John’s nightmare began on February 15, 1962, when he awoke to the sound of his wife’s screams and their four month old son Steven lifeless in his cot.


John and Betty were questioned on suspicion of his murder before a pathologist ruled Steven had died from bronchopneumonia - a condition he showed no symptoms of. The coroner’s report suggested his son’s lungs may not have formed properly. The deeply traumatised couple could not bear to leave their later children unattended.


As John’s granddaughter Laura prepares to have a baby of her own, John is terrified for the well-being of the new baby. Diagnosed with pernicious anaemia at the age of 26, John has been refused a war pension even though the condition is common in radiotherapy patients. John remembers five blood tests, but all are missing from his medical records.

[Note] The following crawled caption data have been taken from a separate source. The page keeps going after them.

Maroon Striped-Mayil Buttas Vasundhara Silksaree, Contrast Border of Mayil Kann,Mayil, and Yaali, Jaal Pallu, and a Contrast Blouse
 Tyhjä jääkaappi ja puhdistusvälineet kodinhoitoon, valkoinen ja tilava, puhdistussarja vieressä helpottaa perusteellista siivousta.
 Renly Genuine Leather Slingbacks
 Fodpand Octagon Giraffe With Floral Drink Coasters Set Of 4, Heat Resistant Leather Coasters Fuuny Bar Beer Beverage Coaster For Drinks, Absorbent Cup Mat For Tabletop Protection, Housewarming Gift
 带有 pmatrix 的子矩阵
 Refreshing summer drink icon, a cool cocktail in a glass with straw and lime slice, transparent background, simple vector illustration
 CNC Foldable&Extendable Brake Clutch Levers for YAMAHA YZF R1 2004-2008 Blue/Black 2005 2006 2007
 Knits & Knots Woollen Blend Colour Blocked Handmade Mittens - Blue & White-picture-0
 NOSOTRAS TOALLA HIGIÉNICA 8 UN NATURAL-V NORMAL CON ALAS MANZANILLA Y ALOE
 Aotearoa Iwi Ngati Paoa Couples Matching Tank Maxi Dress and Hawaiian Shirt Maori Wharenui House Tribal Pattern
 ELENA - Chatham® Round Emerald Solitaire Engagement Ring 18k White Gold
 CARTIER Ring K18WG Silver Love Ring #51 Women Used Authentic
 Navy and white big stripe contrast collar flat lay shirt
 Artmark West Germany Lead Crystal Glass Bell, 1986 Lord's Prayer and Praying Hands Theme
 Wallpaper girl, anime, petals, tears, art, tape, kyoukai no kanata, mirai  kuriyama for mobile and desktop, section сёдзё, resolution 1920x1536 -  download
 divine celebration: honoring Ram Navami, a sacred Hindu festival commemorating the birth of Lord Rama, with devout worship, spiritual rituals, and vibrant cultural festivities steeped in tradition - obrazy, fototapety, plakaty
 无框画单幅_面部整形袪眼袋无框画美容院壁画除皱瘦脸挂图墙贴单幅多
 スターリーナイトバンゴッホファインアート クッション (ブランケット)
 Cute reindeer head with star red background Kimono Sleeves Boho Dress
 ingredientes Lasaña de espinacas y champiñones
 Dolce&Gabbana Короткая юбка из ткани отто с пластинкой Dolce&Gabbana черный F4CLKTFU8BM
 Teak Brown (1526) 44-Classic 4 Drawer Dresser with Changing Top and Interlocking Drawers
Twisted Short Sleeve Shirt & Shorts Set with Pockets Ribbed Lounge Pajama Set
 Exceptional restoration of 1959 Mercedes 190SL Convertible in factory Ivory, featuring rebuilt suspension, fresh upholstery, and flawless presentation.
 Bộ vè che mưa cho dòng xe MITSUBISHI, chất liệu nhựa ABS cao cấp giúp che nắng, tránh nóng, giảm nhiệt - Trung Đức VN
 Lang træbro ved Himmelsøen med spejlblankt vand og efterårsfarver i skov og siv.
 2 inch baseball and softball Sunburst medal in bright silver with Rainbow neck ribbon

Archie Hart, 87 Warrington, Cheshire


Archie Hart, speaks for the first time on television about his experience as part of the crew of HMS Diana, the MoD’s designated ‘guinea pig’ ship which in 1956 was ordered to sail through the fallout of two atomic clouds for eight hours at a time.


The vessel was part of an MoD experiment to test the effects of an atomic explosion on the ship and its 280 crew.


“They would have us believe that this nuclear fallout was just a gentle rain from heaven... It wasn't. It was toxic and it was deadly.


It was ionising radiation. Everybody on that ship were used. You weren't given a choice in this. And if that's not being used, tell me what is.”


Archie speaks about the physical toll on his body and shows his many lipomas in the documentary. He has around 150 on his body. In his 60’s Archie had a large chunk of his bowel removed after an aggressive cancer.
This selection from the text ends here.